> Recorded information:
━━━

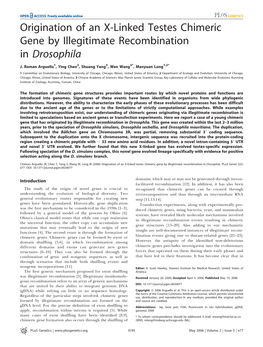 Origination of an X-Linked Testes Chimeric Gene by Illegitimate Recombination in Drosophila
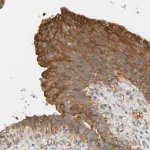 Merck Anti-CEP57 antibody produced in rabbit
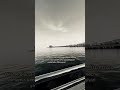 he. #viralvideo #keşfet#keşfet #keşfet#keşfet#keşfet#keşfet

━━━

> Task goal:
Begin at the line with "Merck Anti-CEP57 antibody produced in rabbit" and end at the last line of the data above. Reproduce those lines exactly, but not the pictures.

> Solution below:
 Merck Anti-CEP57 antibody produced in rabbit
 he. #viralvideo #keşfet#keşfet #keşfet#keşfet#keşfet#keşfet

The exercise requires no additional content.